NONSTATUTORY STOCK OPTION AGREEMENT
-----------------------------------
THIS AGREEMENT is made and entered into as of the date set forth
on the signature page hereof by and between WICOR, Inc., a Wisconsin corporation
with its principal offices at Milwaukee, Wisconsin (the "Company"), and the
employee of the Company or one of its affiliates whose signature is set forth on
the signature page hereof (the "Participant").
W I T N E S S E T H :
WHEREAS, the Company has adopted the 1994 Long-Term Performance
Plan (the "Plan") to permit options for shares of the Company's common stock
(the "Stock"), to be awarded to certain key salaried employees of the Company
and any affiliate (individually, a "Participating Company" and collectively, the
"Participating Companies"); and
WHEREAS, the Participant is a key salaried employee of a
Participating Company, and the Company desires such employee to remain in such
employ and to further an opportunity for his/her stock ownership in the Company
in order to increase his/her proprietary interest in the success of the Company.
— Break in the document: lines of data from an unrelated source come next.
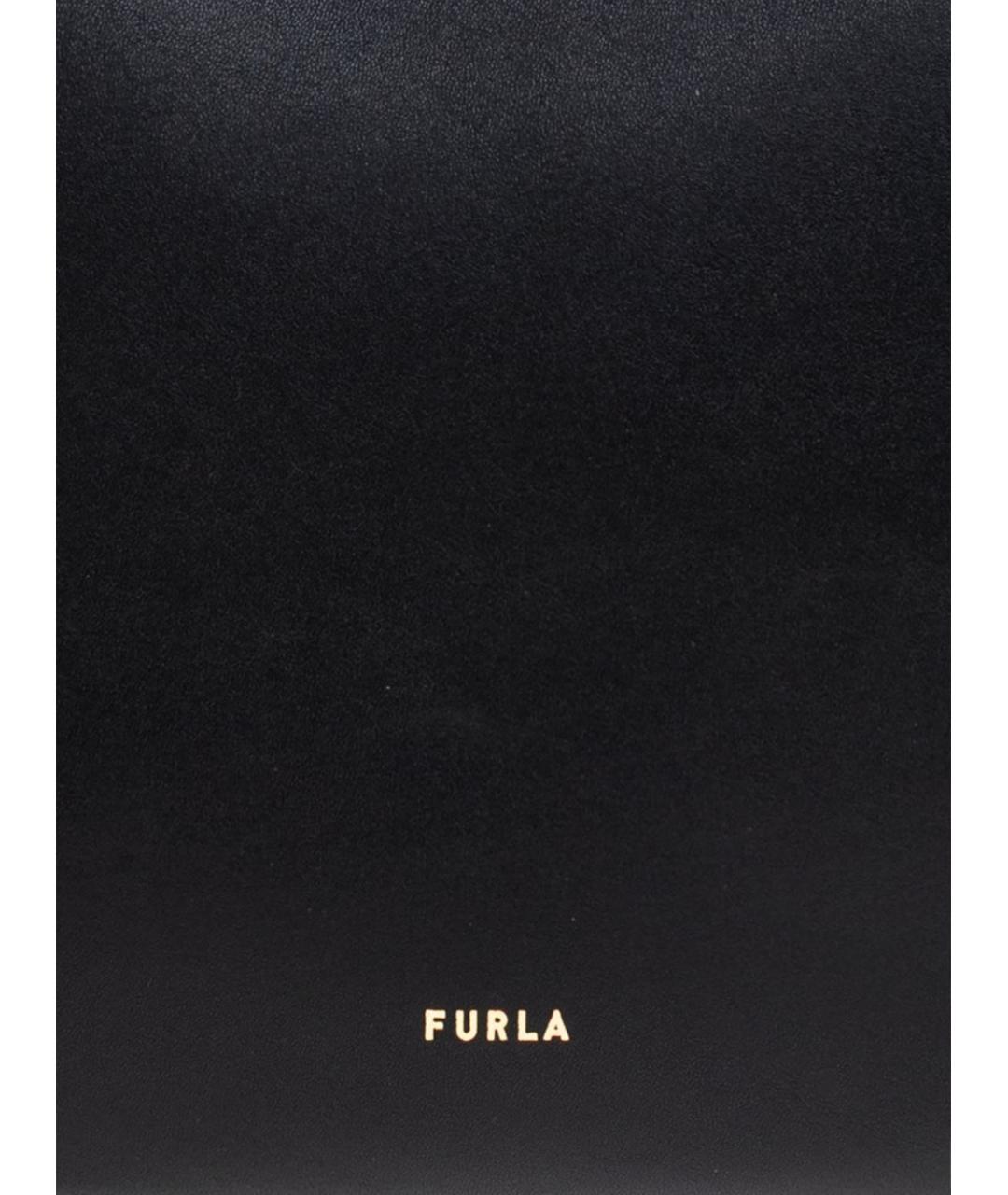 FURLA Черная кожаная сумка тоут, фото 4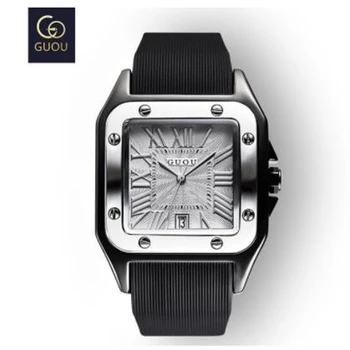 Móda GUOU Top Značky Hodinky pánske Luxusné náramkové hodinky Gumy Kremíka Úplne Bežné Šaty Sledujte Muž Námestie Quartz Hodiny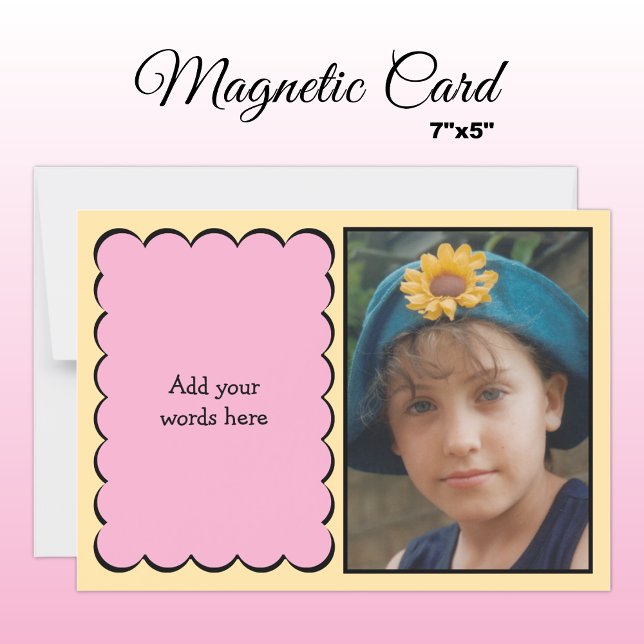 Custom text 1 photo peach pink magnetic card (Creator Uploaded)
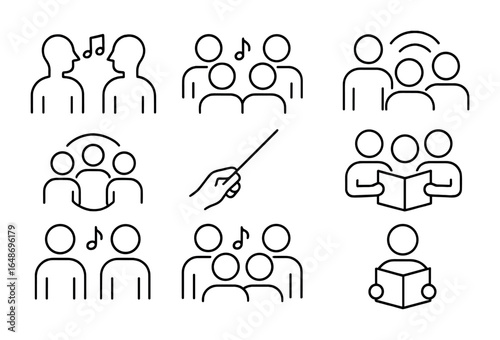 Singing Icons Collection. Outline icon set of group singing and ensemble work: duet icon, choral blend,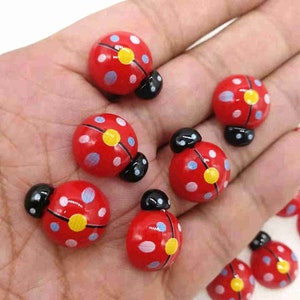 15*19mm resina plana traseira joaninha/joaninha cabochões-resina micro paisagem miniaturas-diy jóias fazendo & artesanato acessórios
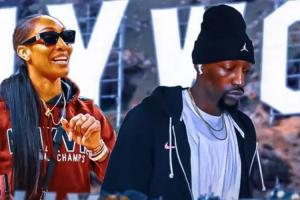 看看我的女友！阿德巴約觀戰WNBA 一屁股坐在準岳父母中間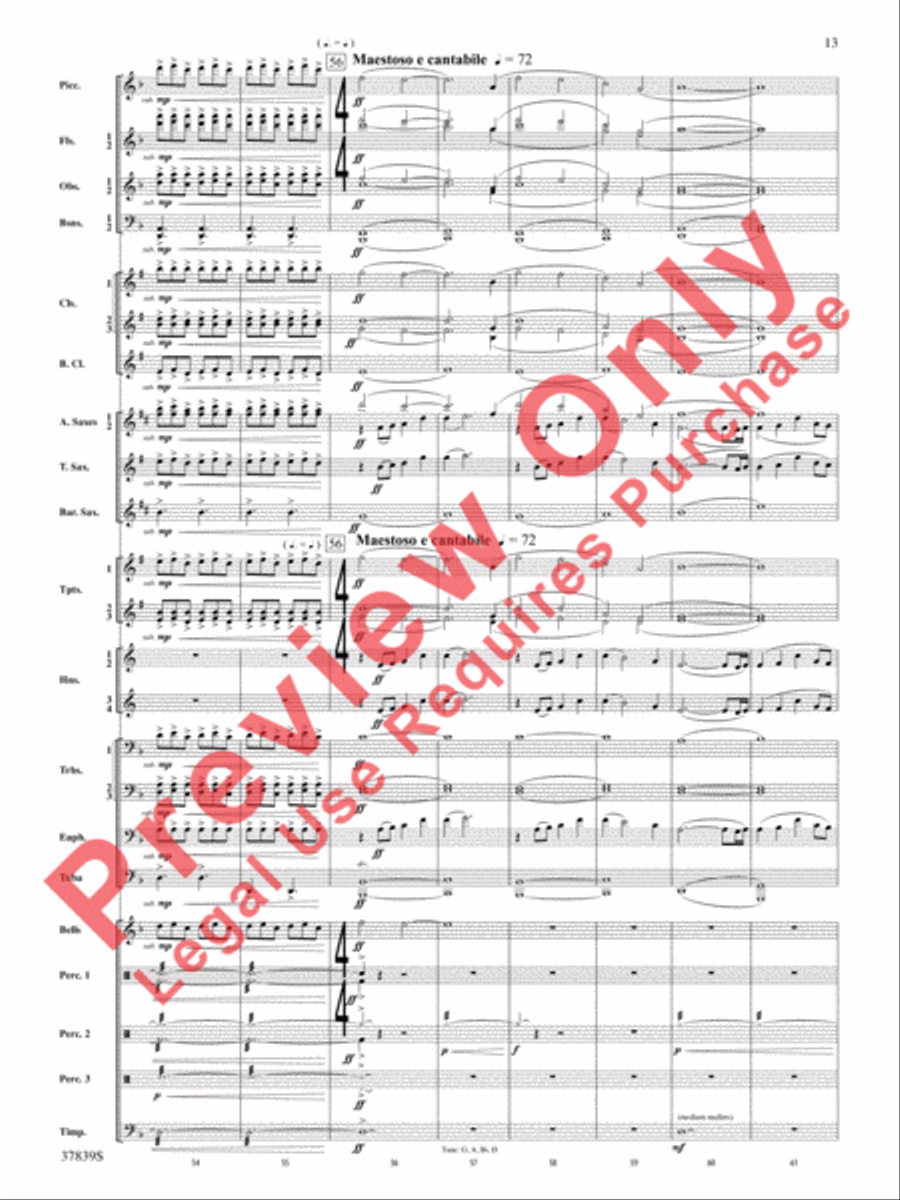Conquest 1 (from the motion picture Ninja's Creed) Concert Band scores gallery preview page 13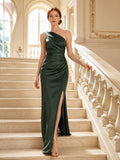 Forest Green One Shoulder Satin Sheath Gown With Slit front view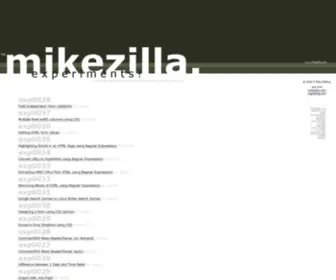 Mikezilla.com(Code experiments) Screenshot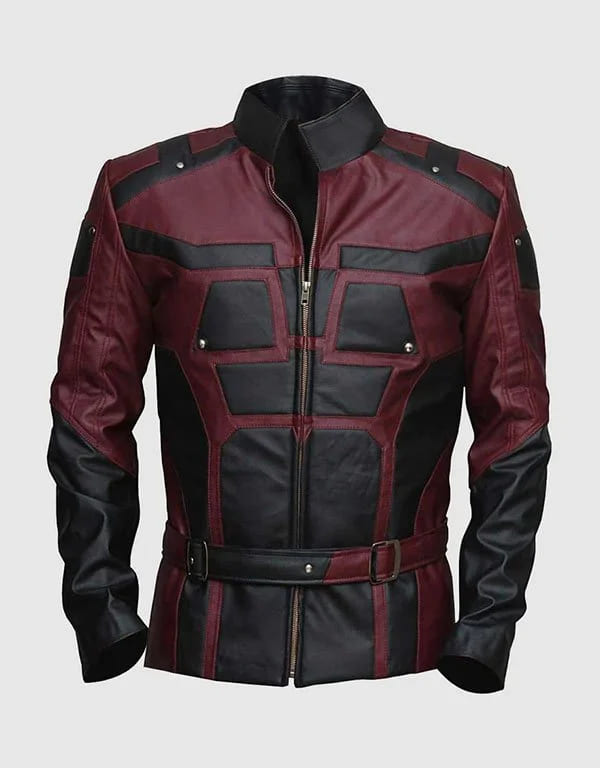 Men’s Charlie Cox Daredevil Red & Black Leather Jacket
NOW, THEREFORE, in consideration of the premises and of the
covenants and agreements herein set forth, the parties hereby mutually covenant
and agree as follows:
1. Award of Option. (a) Subject to the terms and conditions set
forth herein, the Company hereby awards the Participant a nonstatutory option
(the "Option") to purchase the number of shares of Stock set forth on the
signature page hereof (the "Option Stock") at the purchase price per share set
forth on the signature page hereof, which shall not be less than Fair Market
Value on the date of grant. "Fair Market Value" means the average of the high
and low sales prices for a share of Stock in consolidated trading on the
relevant date. Except with respect to a transaction pursuant to Paragraph 12
hereof, this Option cannot be exercised prior to the Initial Exercise Date set
forth on the signature page hereof and thereafter may only be exercised with
respect to one-third (1/3) of the Option Stock on and after the Exercise Date,
with respect to two-thirds (2/3) of the Option Stock on a cumulative basis on
and after the first (1st) anniversary of the Initial Exercise Date and in full
on and after the second (2nd) anniversary of the Initial Exercise Date. The
Option may not be exercised after the Expiration Date set forth on the signature
page hereof. Except as provided herein, the Option shall not be exercisable
after the termination of the Participant's employment with all Participating
Companies. Absence of the Participant on leave approved by a duly elected
officer of the Company, other than the Participant, shall not be considered a
termination of employment during the period of such leave. The Option may be
exercised in whole or in part (but no exercise shall be for fewer than 50 shares
of Stock or all of the shares subject to the Option, if fewer) by notice in
writing to the Company. The aggregate purchase price for the Stock for which the
Option is exercised shall be paid
to the Company at the time of exercise in cash, Stock registered in the name of
the Participant, or by a combination thereof.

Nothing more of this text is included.